== The problem ==
Produce a faithful copy of the data, one that leaves out the pictures.

(Stored records)

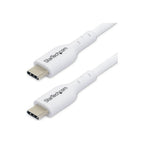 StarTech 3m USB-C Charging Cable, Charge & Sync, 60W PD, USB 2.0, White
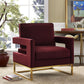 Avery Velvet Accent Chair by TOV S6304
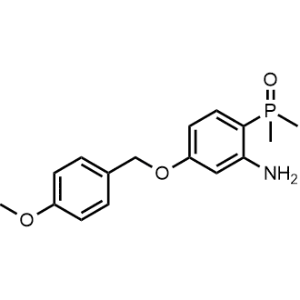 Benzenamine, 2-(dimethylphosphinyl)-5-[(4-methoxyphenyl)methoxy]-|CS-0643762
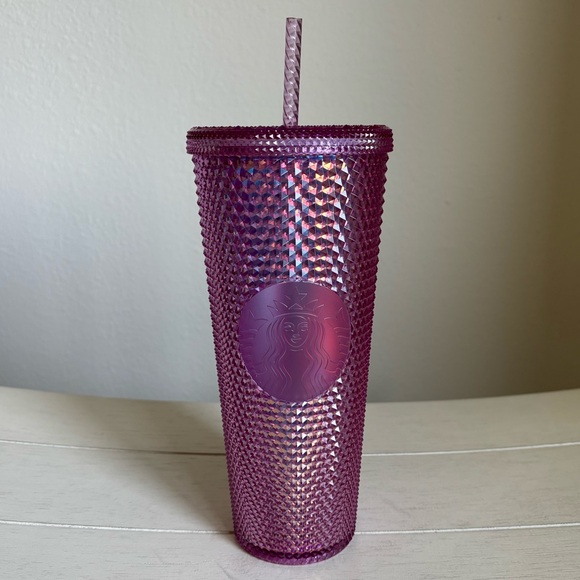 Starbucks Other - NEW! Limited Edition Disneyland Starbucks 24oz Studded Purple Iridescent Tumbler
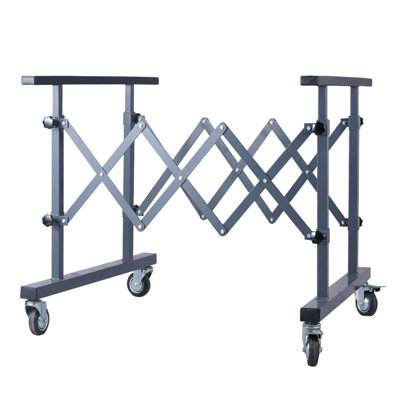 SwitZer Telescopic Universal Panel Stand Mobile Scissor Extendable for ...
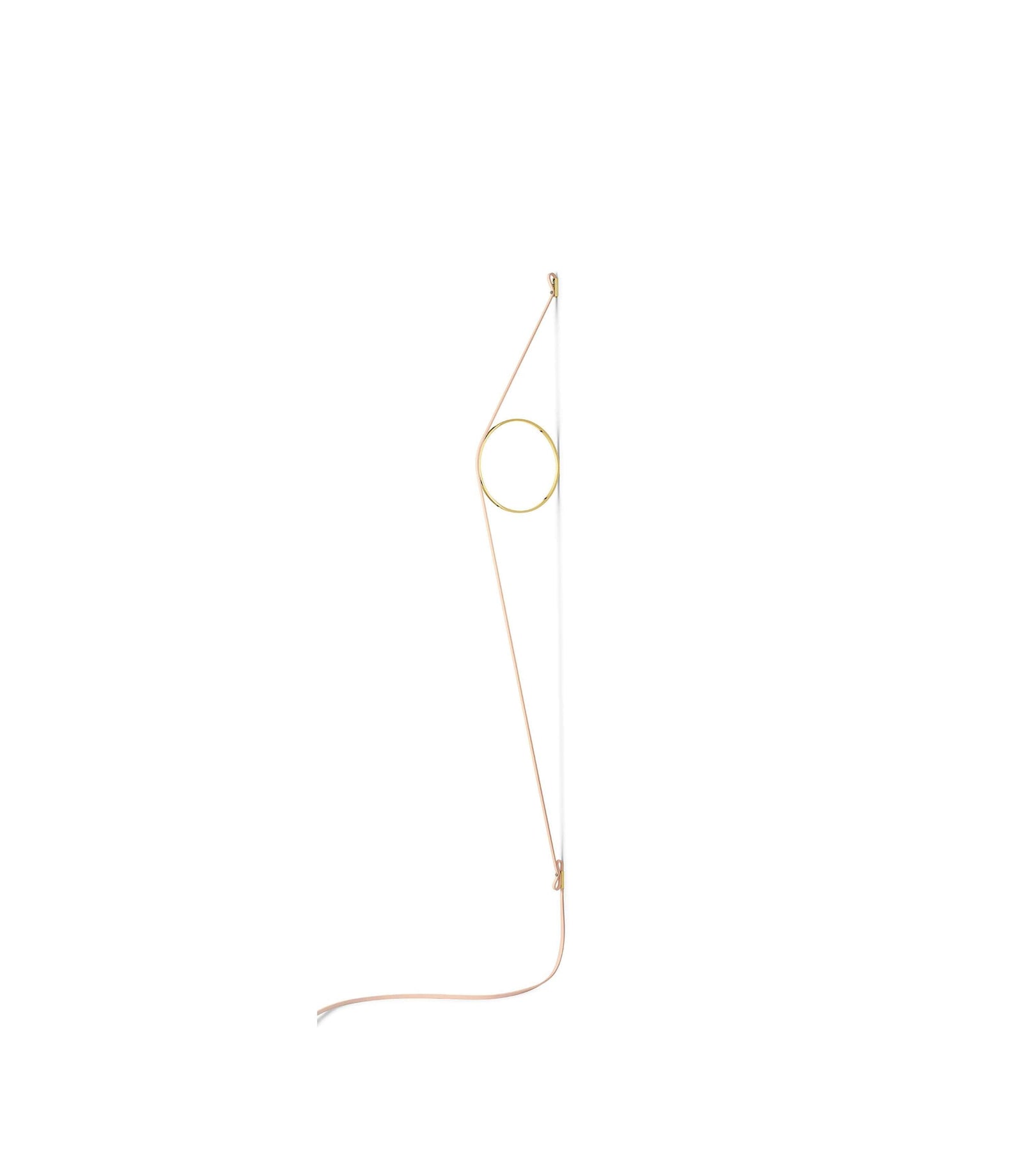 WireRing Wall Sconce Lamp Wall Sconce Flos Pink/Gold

== Solution to this problem ==
 StarTech 3m USB-C Charging Cable, Charge & Sync, 60W PD, USB 2.0, White
 Avery Velvet Accent Chair by TOV S6304
 Benzenamine, 2-(dimethylphosphinyl)-5-[(4-methoxyphenyl)methoxy]-|CS-0643762
 Starbucks Other - NEW! Limited Edition Disneyland Starbucks 24oz Studded Purple Iridescent Tumbler
 SwitZer Telescopic Universal Panel Stand Mobile Scissor Extendable for ...
 WireRing Wall Sconce Lamp Wall Sconce Flos Pink/Gold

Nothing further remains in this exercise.